Grandpa picked up the cube and turned it to the side with three small dials. He checked his watch then set the dials accordingly before placing the cube on the workbench again. He crouched until his face was next to Jack’s and they stared at the cube.
A second passed. Then the inner parts began to whir and spin. The cube began to rattle on the flat surface. Neither pair of eyes dared to blink. Grandpa glanced at Jack to see the wonder on his face. The same wonder he had when he first saw the cube. The wonder he kept until he learned its inner workings. He turned his attention back to the cube just before it vanished.
“Whoa…” The boy stared at the spot where the cube had been.
“When will it come back?”
Grandpa checked his watch. “In about ten seconds. Keep your eyes glued.”
They waited in silence as seconds ticked by. Jack’s breathing was steady but shallow. A whisper escaped him, “Two……one…..” The cube appeared exactly where it had been moments before.
“How does it work?” the boy asked.
“You’ll learn when you’re a bit older.” When you are fifteen and back in this basement looking at my old stuff without me, he thought. “Remember, this is the last time.” He picked up the cube and calibrated it. Then he sat it back down on the workbench. “Watch closely this time.”
The boy’s face shaped into a serious expression and he had to restrain himself from laughing at the boy. Together they watched the cube. The seconds passed until it vanished again, except this time it didn’t reappear. Jack stared at the empty space waiting.
“It’s not coming back this time champ.”
“It just won’t. Now let’s go get some food, huh?” He paused as he finished his question, suddenly realizing the futility of it and the implications of what he had done.

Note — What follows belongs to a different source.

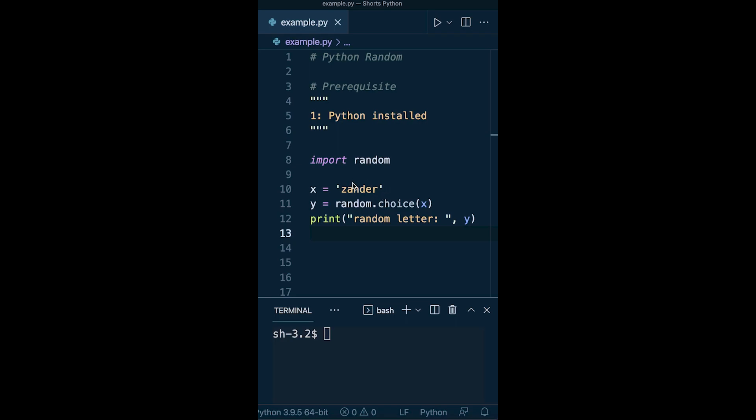Here with the string 'zander', x is placed in the x variable, and we have a random choice. We use random.choice(x) to select a random character from x and then return it.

He knew Jack was going to stick to the workbench with a vice-like grip, looking at the empty tabletop for the next two hours, only to finally be persuaded by his mom to go eat dinner. He knew it because he remembered it, just as he remembered an older Jack coming back to his workbench to see the cube reappear next to a journal. The journal he was going to purposely leave out after his grandson left in two days. It would collect dust for a decade only to be opened and read by Jack. When he read the journal himself, he had learned who he really was and who his own grandfather had been, and it will be the exact same for his grandson. The journal held the secrets of the cube, and the designs for the machine that were too tempting for the curious mind.

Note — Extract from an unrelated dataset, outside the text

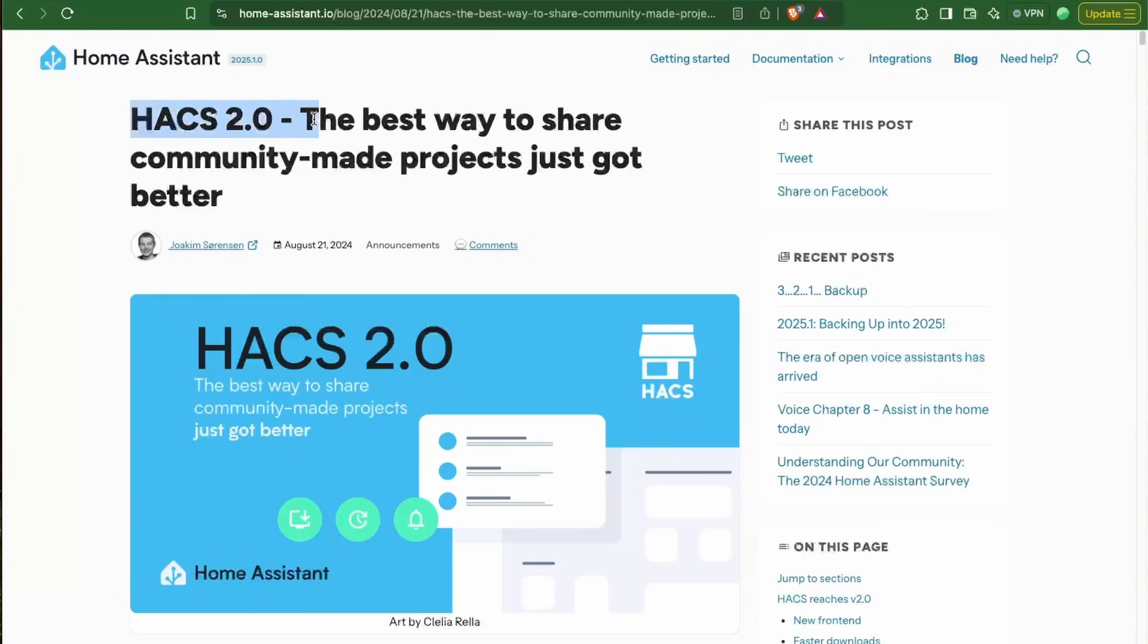HACS 2.0 was released in August 2024 to provide better integration with Home Assistant. But what is HACS and why do we need it?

He had always believed that the cube was the catalyst. It led to the journal and kept the mystery alive until it became an obsession. Now, at the end of his life, he saw the cube was the cause. The journal was the catalyst. The cube was now lost to time. Set to reappear in exactly ten years on June 5th where it will cause the innocent boy in front of him to recreate the same machine he did, and use it in the same way. The thoughts consumed him.
He did nothing for the next two days but think about how to undo what he had done. He wasn’t sure he could, or wanted to, considering what may happen. He could very well undo himself. His wife worried about him on that second day. Enough to call their son.
She was looking at him while she talked to their son, but it wasn’t until she said the phrase “I’m worried” did he get the uneasy feeling of nostalgia. He remembered that phrase and the heaviness he saw on his father’s expression upon hearing it. His father who stood at the counter on the phone with his grandmother. He remembered those words “I’m worried” and remembered his grandmother.
Now he heard the words from the other side of the call and knew what came next. A calmness filled him moments before his coronary artery clogged and pain radiated through his chest and down his left arm.